どちらがどの程度使われているかを把握することで、自分が習得した際の汎用性もイメージしやすくなります。
- Excelのみの利用:74%
大多数の企業や個人がExcelを使っている現状です。業務上のファイル受け渡しなどでも、Excel形式が求められるケースがまだまだ多いと考えられます。 - 両方利用:21%
Excelとスプレッドシートのメリットを両方取り入れる層が増えてきています。共同編集が必要なときはスプレッドシート、詳細な分析やマクロ作成が必要なときはExcel、といった使い分けが行われている可能性があります。私の場合はこれです。 - スプレッドシートのみ:5%
割合としてはまだ少数派ですが、無料で利用できる手軽さやGoogleアカウントとの連携のしやすさから、個人事業主や小規模チームではスプレッドシートだけを使っているケースもあるようです。
どちらを選ぶべきか:状況別アドバイス
ここまで紹介した7つのポイントを踏まえると、ExcelとGoogleスプレッドシートはそれぞれに明確な利点があることがわかります。
では、実際にどちらを優先して学べばいいのでしょうか。ここでは、いくつかの代表的な状況を想定してアドバイスをまとめてみます。

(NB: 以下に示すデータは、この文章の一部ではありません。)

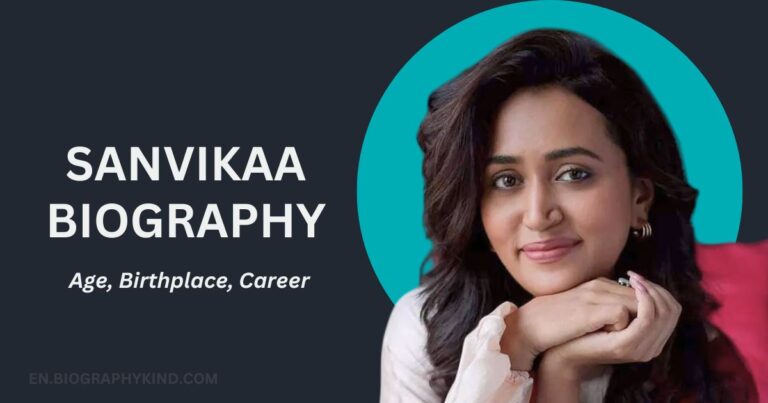 Sankikaa Biography in English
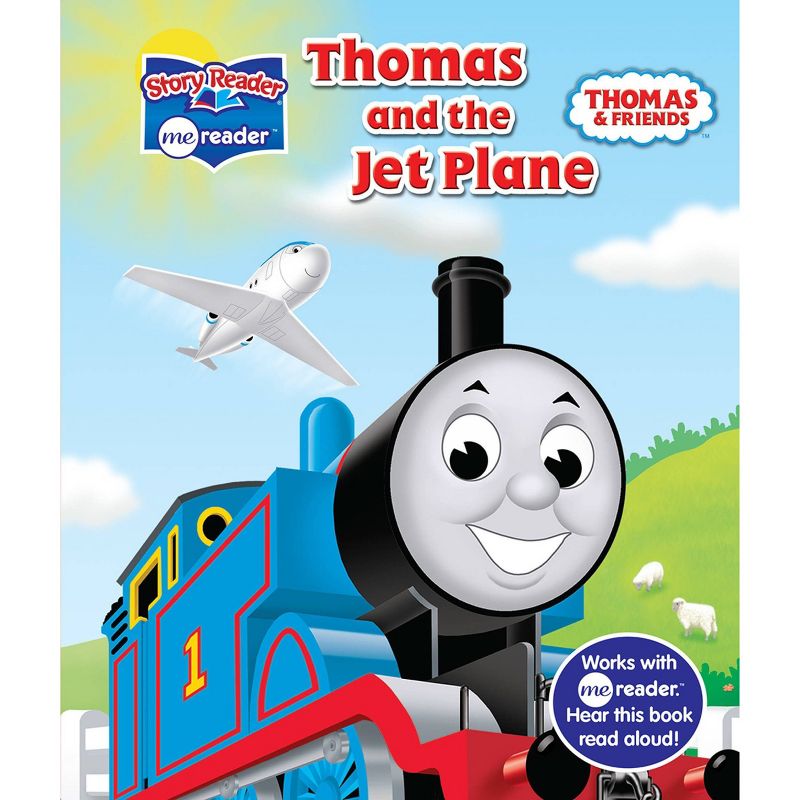 Pi Kids Thomas the Tank Engine Electronic Me Reader and 8-Book Library Boxed Set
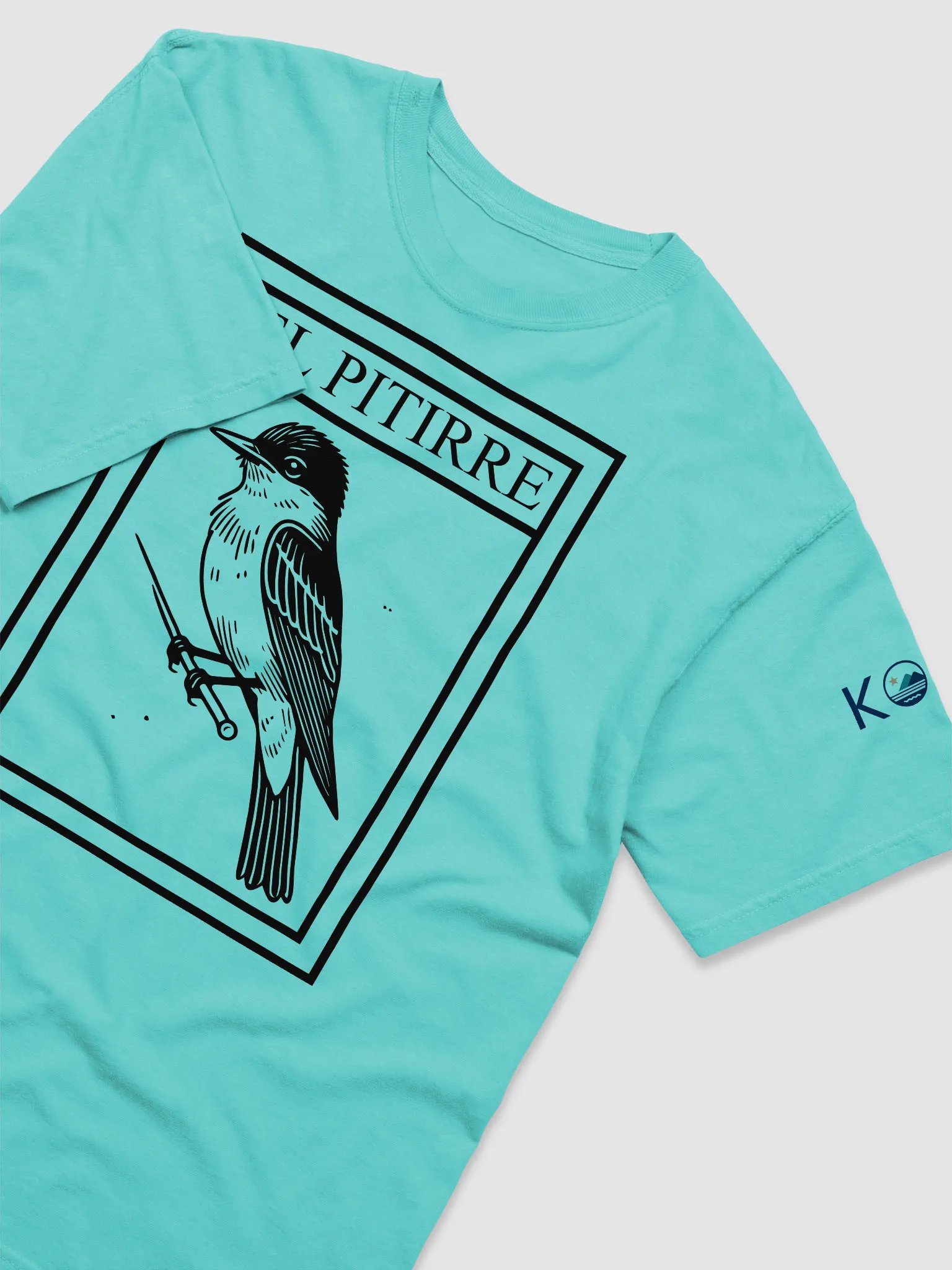 EL PITIRRE” Art T-Shirt product image (3)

自分や自社の環境に近いパターンを参考にしてください。
- 社内外でExcelでのやり取りが多い環境 → まずExcelから
得意先や取引先から渡されるファイル形式がExcelの場合、業務効率を考えるとExcelを使えたほうが円滑にやり取りを進められます。また、従来からExcelを使ってきた組織では、ファイル管理のルールやマクロの資産が蓄積されていることも多く、いきなりスプレッドシートに移行すると混乱が生じる可能性があります。 - Excel利用者が少ない環境、または個人作業が中心 → スプレッドシートから始める
社内にExcelユーザーがほとんどいない、あるいは完全に個人事業主として作業をするのであれば、スプレッドシートから始めるのも合理的です。無料で使えるだけでなく、クラウド上の自動保存機能によって、ファイル紛失リスクを最小限に抑えられます。共同編集のしやすさも魅力的でしょう。 - これから仕事に就く方、学習フェーズの方 → Excelを優先的に習得
企業の多くでExcelが使われている現状を踏まえると、就職や転職を考える方にとってはExcelの操作スキルがほぼ必須と言えます。スプレッドシートはExcelの知識をベースに比較的容易に習得できますから、まずはExcelをしっかり身につけ、その後スプレッドシートに応用する形が効率的です。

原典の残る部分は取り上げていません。